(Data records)
========

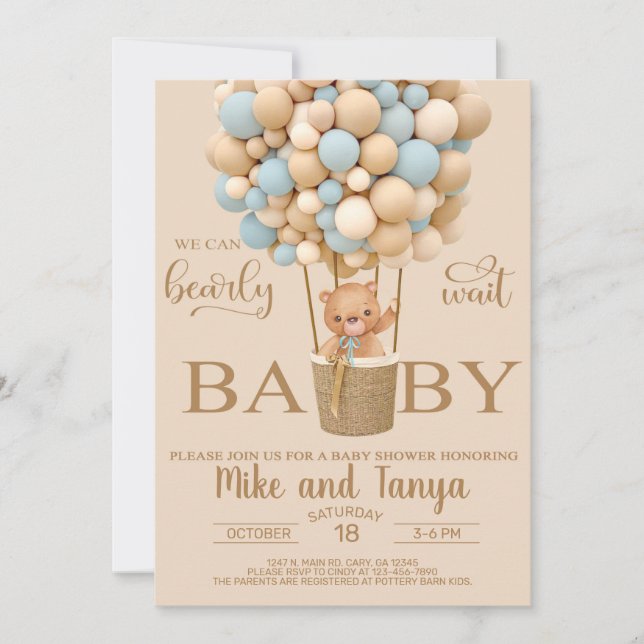 We can bearly wait boy baby shower invite. invitation (Front)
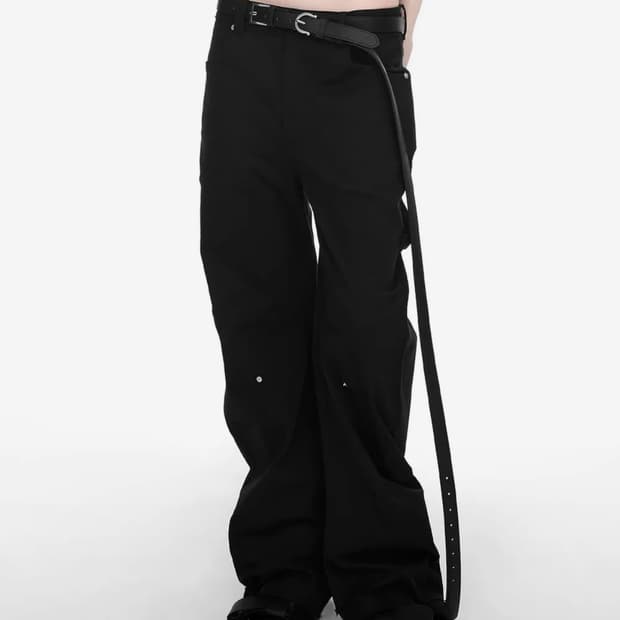 나체 로우컷 팬츠 RAWCUT CURVED PANTS (UNISEX) 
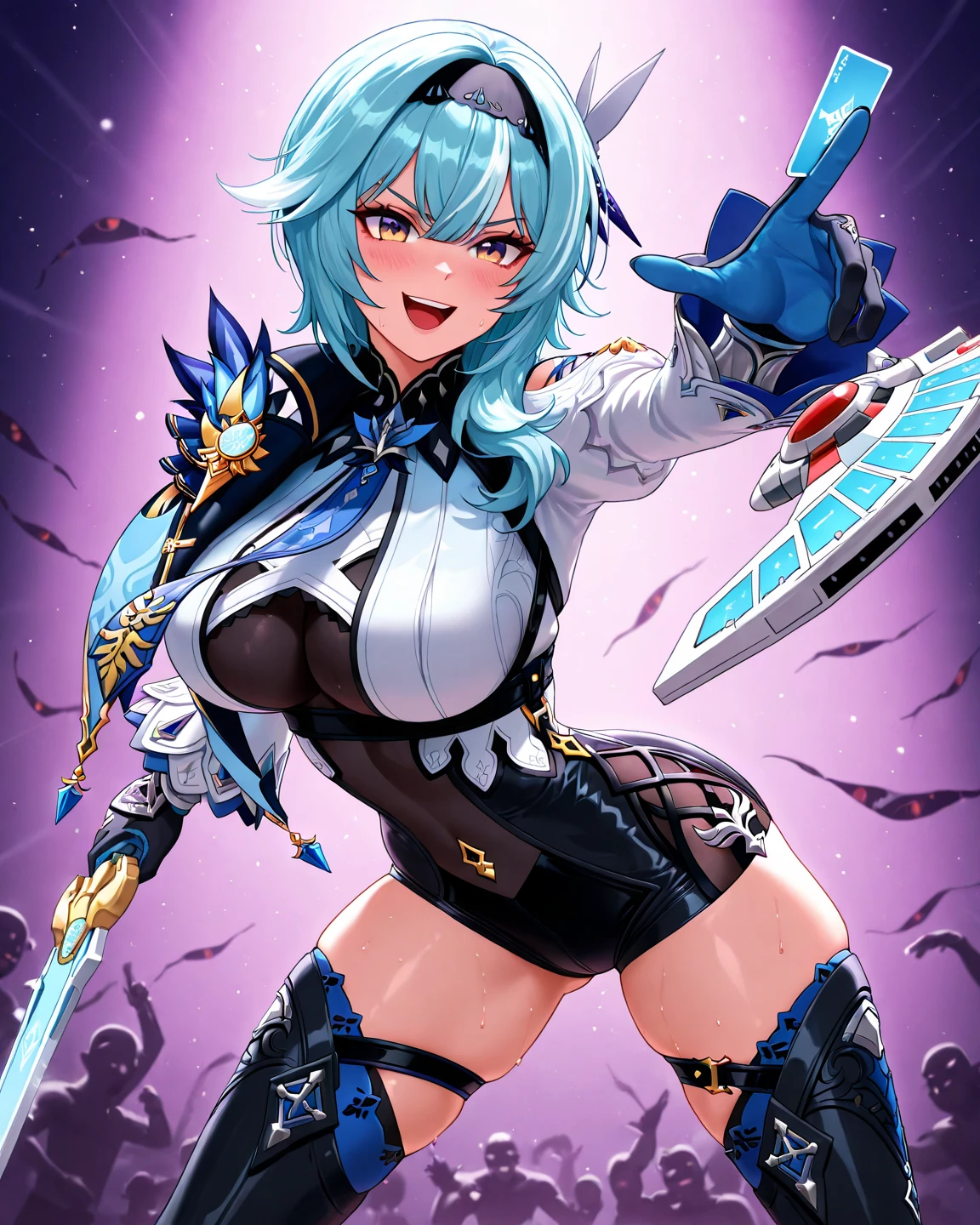 (best quality), (ultra-detailed), (best illustration), (best shadow), masterpiece, high res, (1gir, solo), aqua, blue eyes, blue skirt, green bow, blue shirt, detached sleeves, bare shoulders, hair rings, blue stockings, ponytail, hair ornament , corruption, showgirl skirt, parted lips, cameltoe, skindentation, seductive pose, large breasts, glowing eyes, simple background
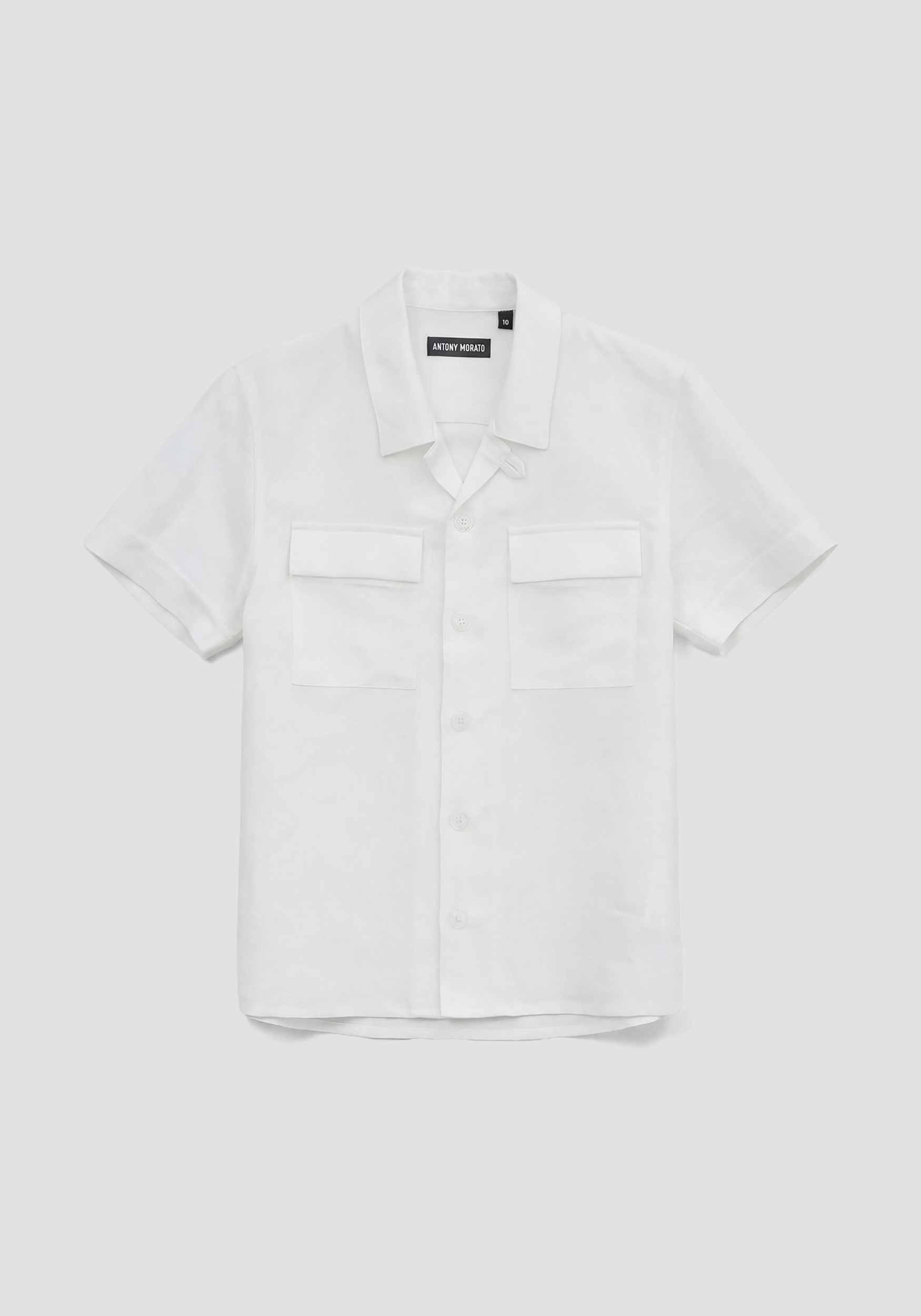 CAMISA DE MANGA CORTA REGULAR FIT EN SLUB DE LINO Y VISCOSA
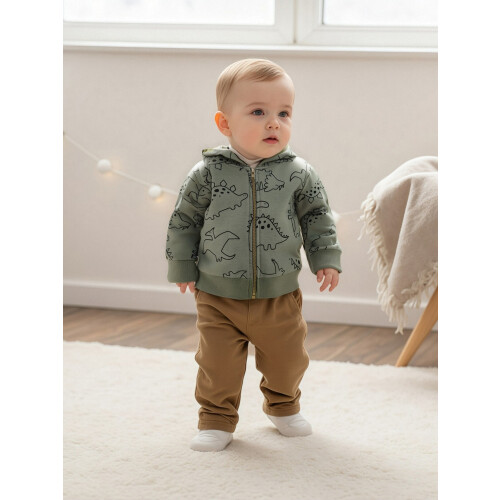 (18-24 Months, Army Green) Παλτό νήπια αγόρια με δεινόσαυρο 2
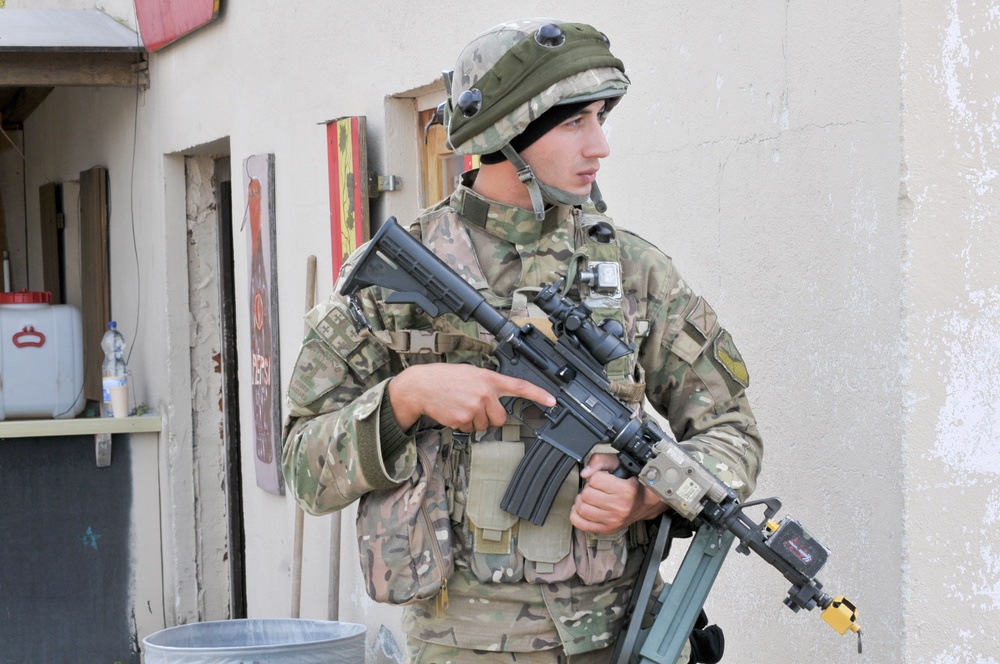Georgian 12th Light Infantry Battalion mission rehearsal exercise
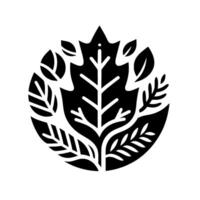 Circular black and white featuring a stylized leaf composition, evoking nature and organic forms, perfect for a nature brand. vector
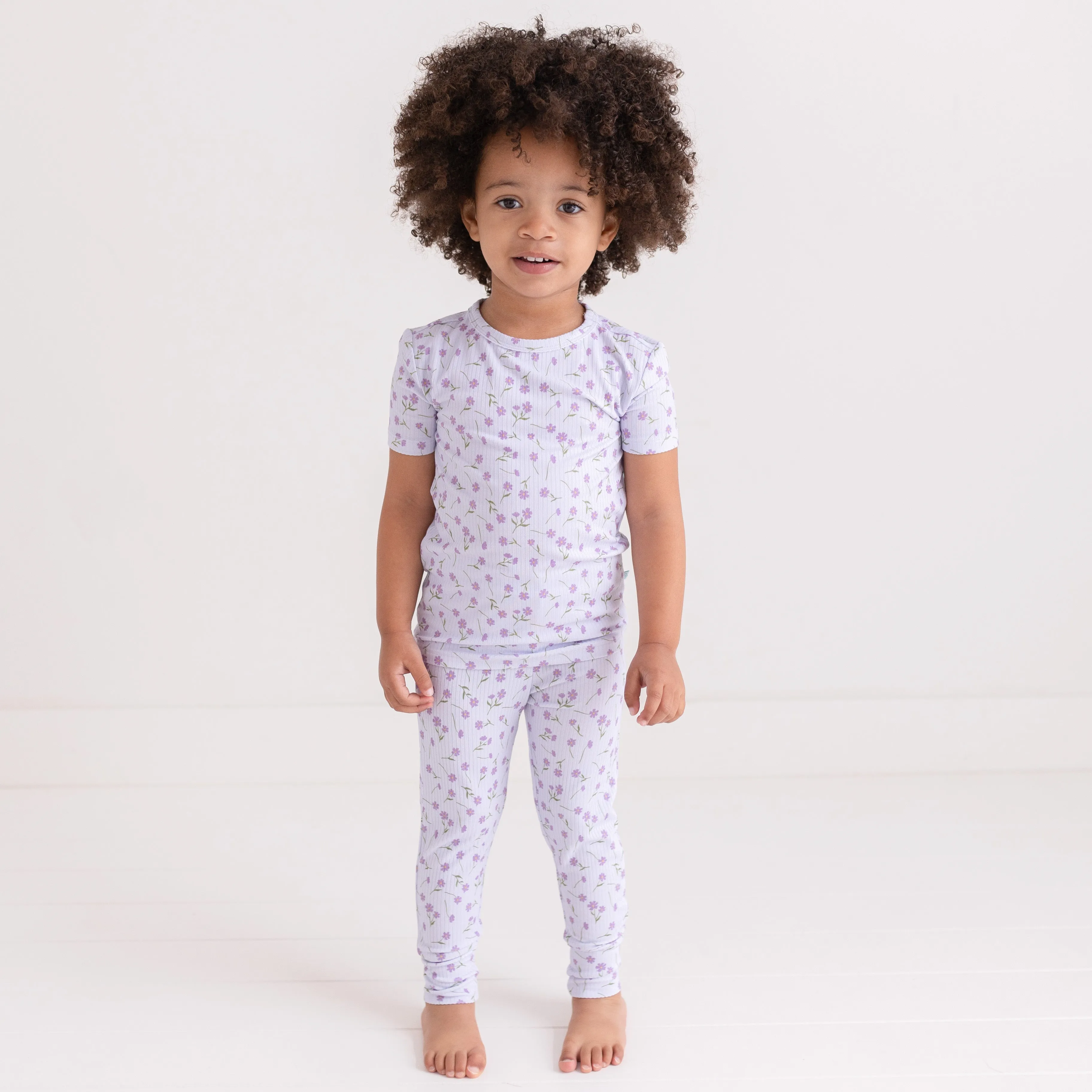 Posh Peanut Basic Short Sleeve Loungewear Kids Pajama & Pants in Jeanette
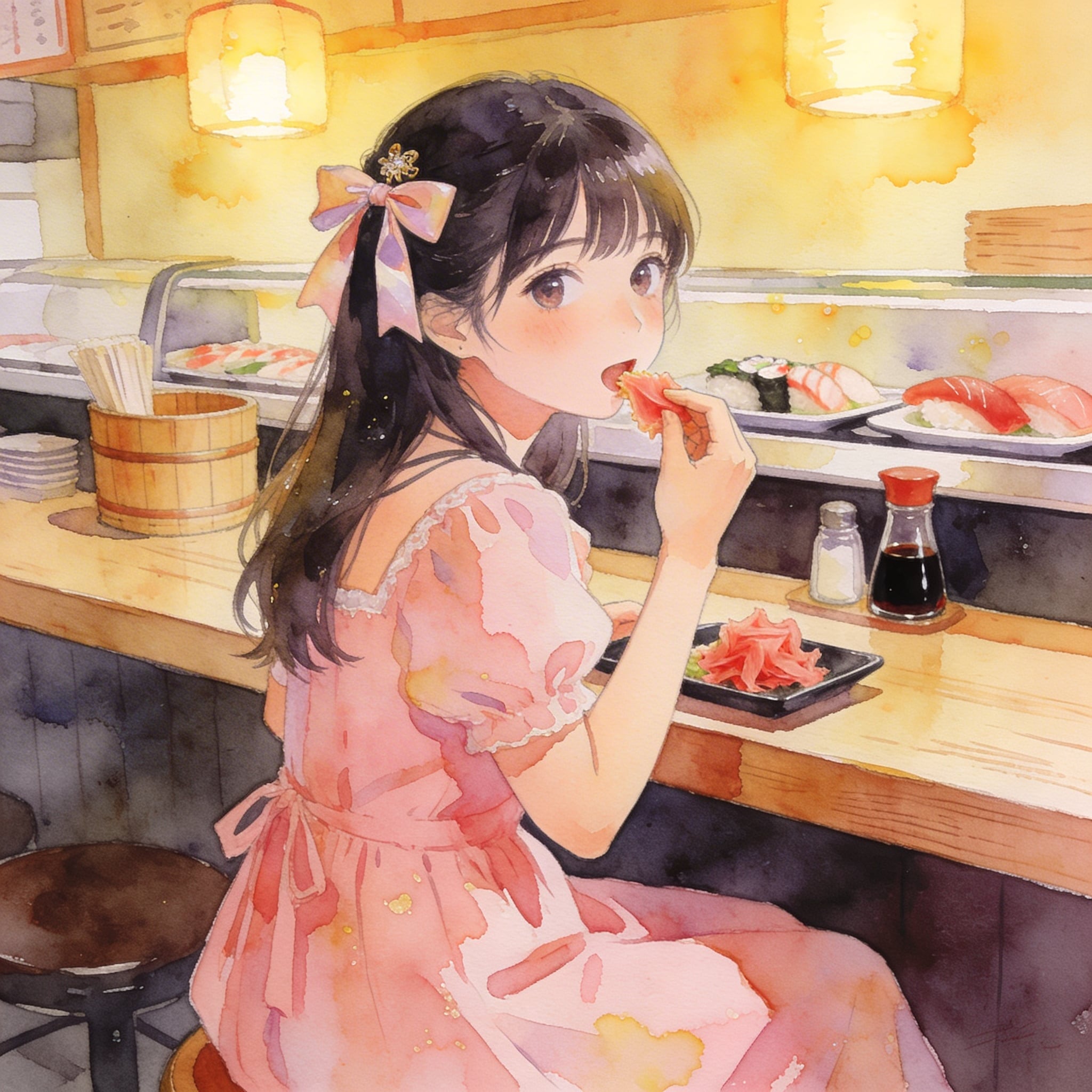 寿司屋でガーリー | の人気AIイラスト・グラビア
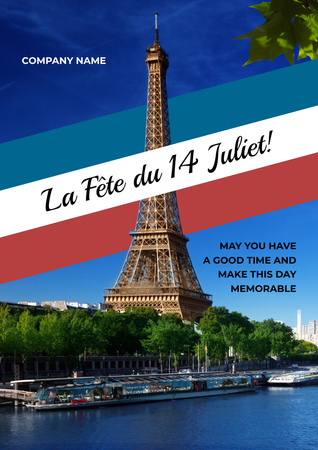 French National Day Celebration Announcement with City View Poster A3 Tasarım Şablonu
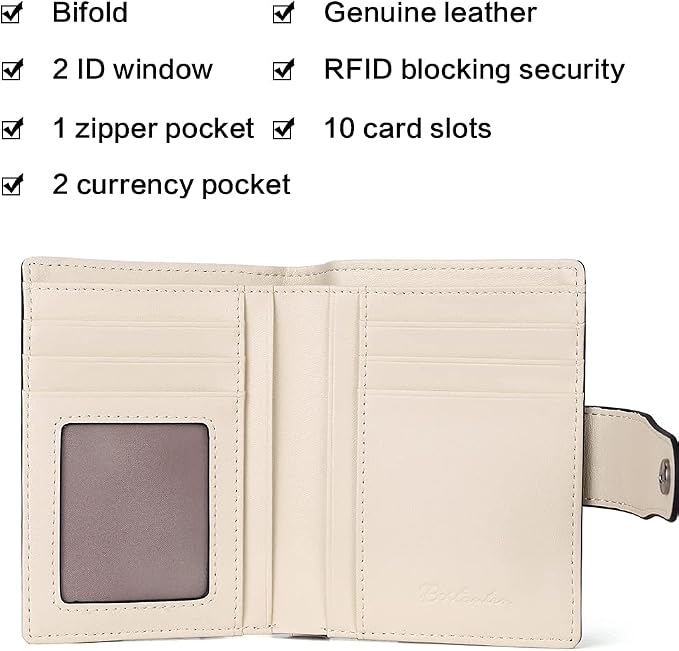 BOSTANTEN Leather Womens Wallet Small RFID Blocking Credit Card Holder | Removable ID Window, Zipper Coin Pocket, Bifold, Minimalist, Fits Small Purses, Daily Use, Ladies Gifts, Black-Beige - Image 3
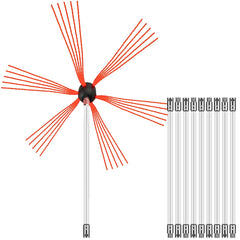 Chimney Sweep Kit 33FT Chimney Cleaning Kit Nylon Sooteater Chimney Cleaning Kit Flexible Brush Head Chimney Sweeping Kit Easy Connecting Chimney Brush With 10 White Rods
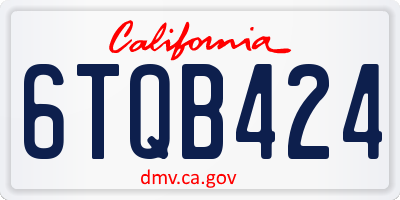 CA license plate 6TQB424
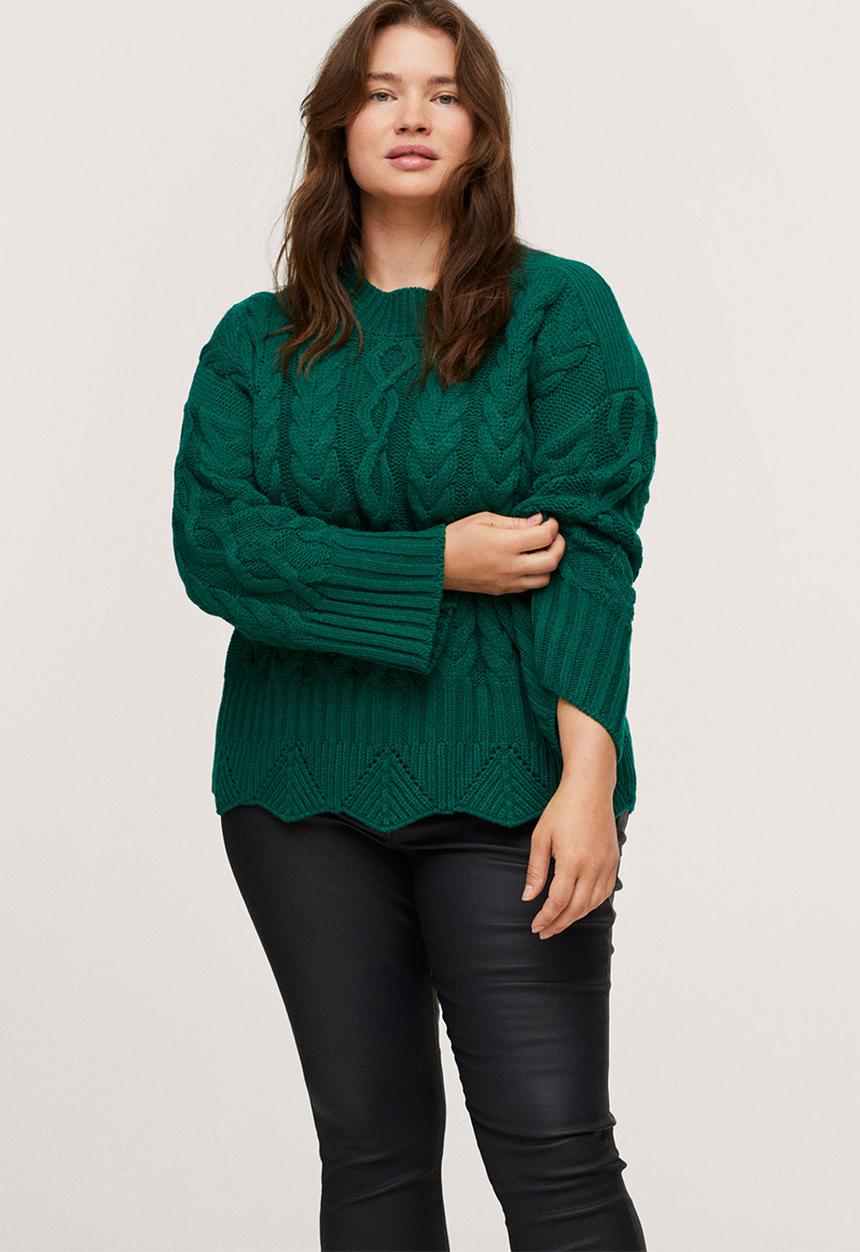 MANGO - Plus sweater greendi - green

========

PROBLEM DETAILS:
Starting at the line above that holds "Circular black and", return each line up to and including the one that holds "BOSTANTEN Leather Womens", exactly as written, minus any pictures.

PROBLEM SOLUTION:
 Circular black and white featuring a stylized leaf composition, evoking nature and organic forms, perfect for a nature brand. vector
 Posh Peanut Basic Short Sleeve Loungewear Kids Pajama & Pants in Jeanette
 寿司屋でガーリー | の人気AIイラスト・グラビア
 French National Day Celebration Announcement with City View Poster A3 Tasarım Şablonu
 BOSTANTEN Leather Womens Wallet Small RFID Blocking Credit Card Holder | Removable ID Window, Zipper Coin Pocket, Bifold, Minimalist, Fits Small Purses, Daily Use, Ladies Gifts, Black-Beige - Image 3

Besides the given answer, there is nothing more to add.